Some of our users tell us that moving to Circonus from in-house operated tools was driven by the desire to outsource responsibility for availability and data safety to someone else. This might sound odd, but building highly resilient systems is hard, most engineering teams are focused on solving those hard problems for their applications and their customers, and it can be highly distracting (even flat-out wasteful) to focus on doing that for telemetry data. Telemetry data has very different storage, recall, and consistency requirements than most typical application data. At first, this might seem easier than your typical database problem. Once you’ve struggled first-hand with the combination of availability and performance requirements on the read path (for both failure detection and operational decision making) and the intensely painful, disk saturating write path, it becomes clear that this is a hard beast to wrestle.
When placing this responsibility in someone else’s hands, you could simply ignore the gruesome details and assume you’re in good hands… but you should expect an explanation of just how that’s all accomplished. At Circonus, we care very much about our customers’ data being correctly collected and reported on, but that would be all for naught if we couldn’t safely store it. Here’s how we do it…

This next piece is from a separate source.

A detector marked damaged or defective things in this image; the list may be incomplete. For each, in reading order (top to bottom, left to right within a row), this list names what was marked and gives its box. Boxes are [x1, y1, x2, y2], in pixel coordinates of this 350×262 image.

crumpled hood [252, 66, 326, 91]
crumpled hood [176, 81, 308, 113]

The first thing you should know is that we’re committed to ZFS. If you know about ZFS, that should make you feel better already. ZFS is the most advanced and production-ready file system available; full stop. It supports data redundancy and checksumming, as well as replication and snapshots. From an operational perspective, putting data on ZFS puts a big, fat smile on our faces.
ZFS checksumming means that we can detect when the data we wrote to disk isn’t the data we’re reading back. How could that be? Bitrot and other errors on the read or write path can cause it. The bottom line is that at any reasonable scale, you will have bad data. If you are storing massive data on a filesystem that doesn’t protect the data round trip the way ZFS does, you may not know (or notice) errors in your data, but you almost certainly have them… and that should turn your stomach. In fact, we “scrub” the filesystems regularly just to check and correct for bitrot. Bitrot doesn’t separate us from our competitors, noticing it does.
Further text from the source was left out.